Simply being selected for any of the competition’s four bands is an honor, according to Quehrn, but Walker’s placement was quite an achievement.
At least 50 trombone players auditioned for the competition, Querhn said, noting that he considers Walker to be one of the top trombone players around.
To audition for the competition, Walker played three exercises, mostly in the classical genre, which Quehrn taped and sent via e-mail as an mp3 file for judging.
“I was really surprised,” Walker said about his placement. “I was hoping to get in the top band, but I had no idea I’d get first chair.”
“Being accepted into this group is like making it to the state tournament in sports,” Quehrn said, and to be awarded a spot in the top band is like winning a state championship.
Walker began his musical life at age 4, when he started to play the violin, taking lessons from well-known violin teacher Gaye Detzer. This early training helped him with the trombone.
“Because I did not have to learn any basic theory, I could focus on learning the instrument,” he said.
While Walker says he still plays the violin occasionally, it is the trombone that is his passion; he also plays with the Tacoma Youth Symphony, and unfortunately he has a commitment with that ensemble the day of the WIBC concert and will not be able to attend.
Vashon will be well represented at the concert, though, as six other students also auditioned and were awarded places in the contest’s bands.
“Seven of our best players tried out,” Quehrn said.
They were all accepted, an achievement in itself. Quehrn, a band director for 16 years, said he has never had this many students accepted before.

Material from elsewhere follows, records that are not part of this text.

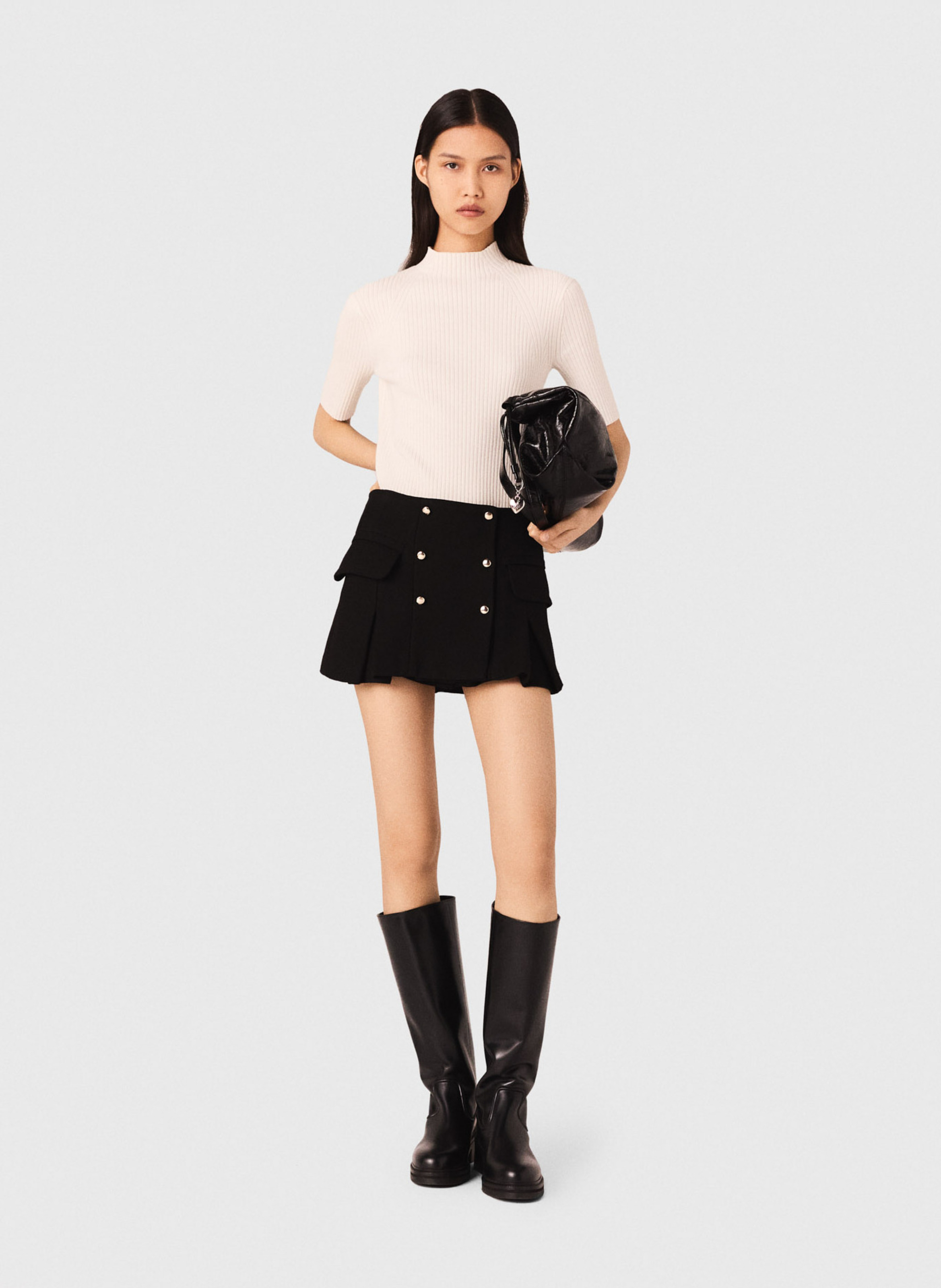 Top col rond en coton mélangé MAJE Beige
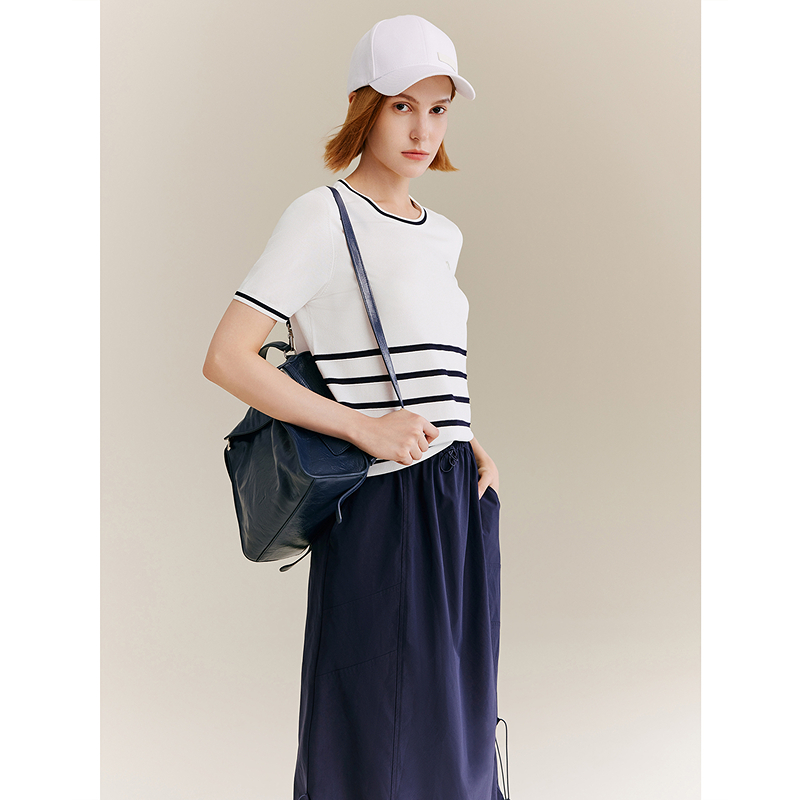 XII BASKET十二篮专选25夏新款精致小圆领条纹短袖7C65206270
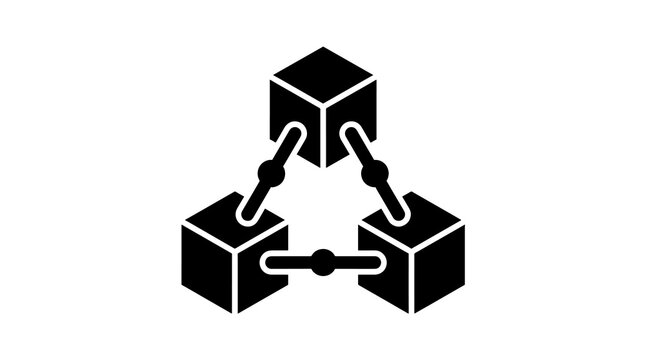 Black blockchain network icon with connected geometric cube symbols photo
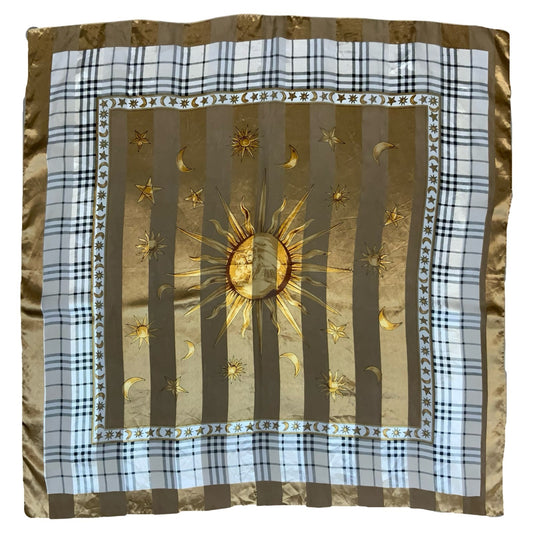 VTG y2k BROWN GOLD SUN MOON CELESTIAL STRIPED TARTAN HIPPIE SQUARE SCARF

The students who will be participating are Dylan Basurto on trumpet, playing in the fourth band, second chair; Dylan Greene on percussion, playing in the third band, fourth chair; Jack Johannessen on trombone, playing in the first band, second part, third chair; Tynan Lazarus on trumpet, playing in the second band, first part, third chair; Emory Miedema-Boyajian on percussion, playing in the fourth band, sixth chair, and Madeline Osborne on French horn, playing in the second band, second part, first chair.
This kind of competition is good for the students, Querhn said, giving students a chance to play music with musicians from off-Island and see how their playing stacks up against that of musicians from many different places.

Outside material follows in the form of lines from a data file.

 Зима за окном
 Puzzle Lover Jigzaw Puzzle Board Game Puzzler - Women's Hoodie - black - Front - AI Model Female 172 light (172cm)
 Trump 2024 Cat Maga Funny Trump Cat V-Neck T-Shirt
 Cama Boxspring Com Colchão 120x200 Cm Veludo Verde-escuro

This competition also gives other kinds of rewards, as well. The students all receive their music ahead of time and are expected to arrive at the rehearsal/concert weekend with the music learned, Querhn said. The conductors-composers of the pieces come from all over the world and work with the students on the music.
They might not always be able to understand one another’s words, Quehrn said, but they are “still able to communicate through the universal language of music.”